A spike in design-build popularity
Design-build is slowly becoming the industry standard; in fact, nearly half of all U.S. nonresidential spending came from this approach, and we predict the numbers will just keep increasing. 47 states now use design-build for public projects, favoring the lower costs and shorter timelines it delivers. This efficient process is sure to continue growing as public and private entities opt for design-build contracts on both large and small projects.
Tech supplementing (not replacing) workers
Although initial mindsets suggested that the human workforce should be wary of developing tech, it appears that automation will help rather than hinder the construction industry. Developments in robotics and machine learning will increase safety standards and aid workflow, rather than just replace human hands. These technologies are designed to work alongside real people and eliminate redundant tasks to make work more efficient. As an added bonus, the advancements are sure to help draw younger generations interested in tech and robotics to the industry, boosting the workforce.

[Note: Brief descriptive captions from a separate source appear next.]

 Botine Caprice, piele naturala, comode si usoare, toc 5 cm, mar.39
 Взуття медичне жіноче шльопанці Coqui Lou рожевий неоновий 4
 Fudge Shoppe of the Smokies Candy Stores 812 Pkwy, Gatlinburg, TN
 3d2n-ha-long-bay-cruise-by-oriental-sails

Increased use of BIM, AI, and VR
Technological advancements can help contractors with planning, building design, and client satisfaction. BIM programs can already help streamline planning and design through 3D modeling, but as advanced 4D and 5D technology develops, the applications of BIM are virtually endless. Some industry professionals also see applications for AI and VR technology to assist in project formation and completion through machine learning. The tech industry is getting increasingly involved with construction, as Silicon Valley funnels billions of dollars in investments into the industry and new, applicable technologies are developed and hit the market every day.

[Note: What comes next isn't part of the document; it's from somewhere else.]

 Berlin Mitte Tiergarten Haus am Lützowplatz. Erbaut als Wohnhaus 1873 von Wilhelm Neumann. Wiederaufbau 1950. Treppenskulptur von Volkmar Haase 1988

Due to the recession of 2008, older generations retiring, younger generations choosing tech over construction jobs, and a host of other factors, there has been a huge skilled labor shortage in the industry. To combat the issue, recruitment methods have changed as the years progress; revamping degree programs at trade schools, focusing on women and minorities, and leveraging new construction technology are just a few of the ways the industry is trying to reverse the labor crisis. Unfortunately, these initiatives haven’t been enough to bring numbers back up to where contractors need them. That is why we are predicting even more initiatives from new and fresh perspectives to increase the labor force and encourage emerging adults to pursue a career in construction. Recruitment reforms are bound to be continual and ever-increasing to meet the industry’s demand.
Gone are the expensive days of taking jobsite photos from planes. As drones become more affordable and accessible for both businesses and the public, companies are bound to utilize this new tool for much simpler aerial photography.

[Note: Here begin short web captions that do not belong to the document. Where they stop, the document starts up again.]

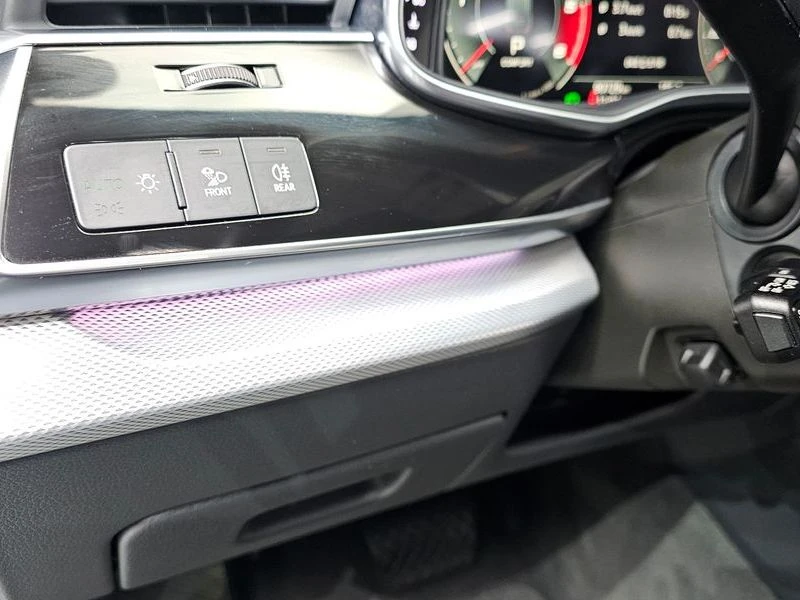 Audi Q7 45 TDI Quattro| 230к.с.| ВКЛ.ТЕХНОТЕСТ, снимка 13 - Автомобили и джипове - 55099867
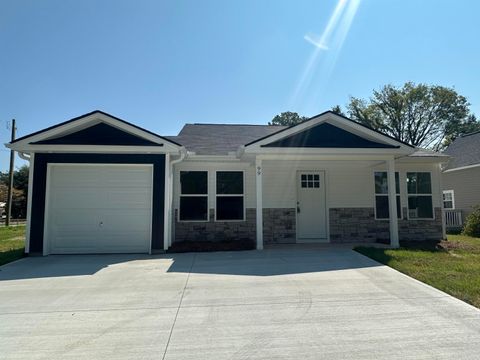 Homes For Sale - 99 Walnut Street<br/> Gaffney, SC 29340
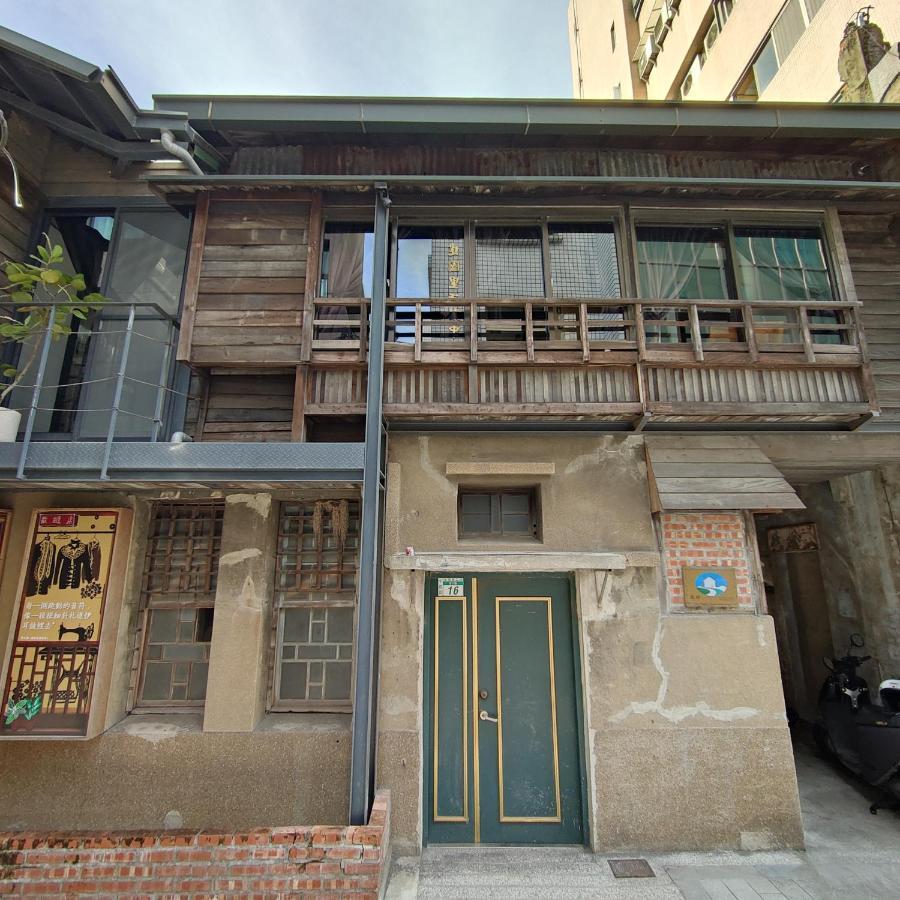 Jerry'S Mazehut Hostel Ταϊνάν Εξωτερικό φωτογραφία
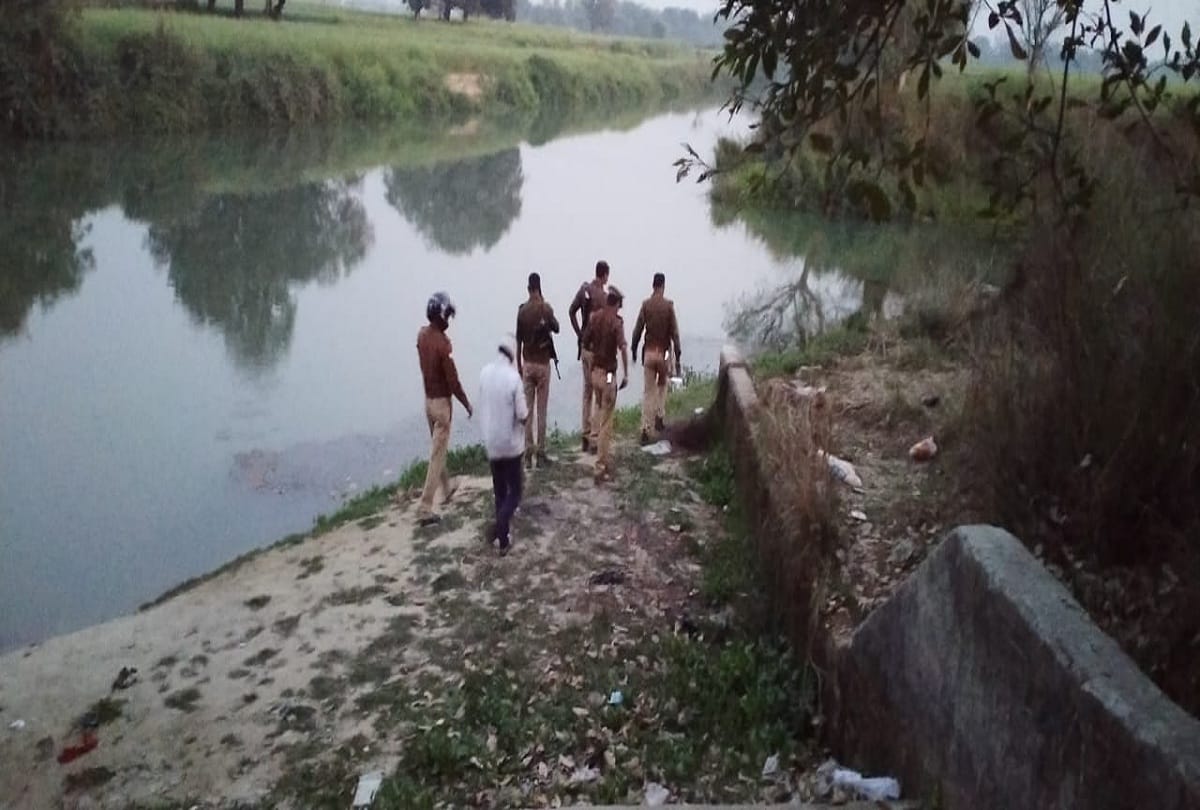 Dead body of two teenager found in river in basti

But that isn’t all. As drone adoption increases, so does the technology’s applications. Accompanying software can assist with mapping, thermal heat imaging, and volumetrics analysis, and we predict that even more capabilities will become available in the near future. This increase of data can help contractors give more accurate timelines and target budgets, further streamlining the construction process.
Increasing off-site work
Investments into offsite construction have spiked in recent years, and so has the amount of work contractors are able to take care of remotely. Through modular construction advancements, better tech workflow, and an increased prevalence of the Lean movement, the offsite trend is projected to continue growing in the coming years.
As 2020 approaches, the trends are clear. Although nothing is set in stone, we can only assume the advancements and improvements technology and industry reforms will continue to make for contractors and construction businesses. Project timelines and looming costs are shrinking, and—although the past may not have looked it—with the right changes, the workforce can continue growing as younger millennials and generation Z members are drawn in by the implementation of robotics and new tech. The industry is seeing groundbreaking changes that are sure to revolutionize the way contractors work.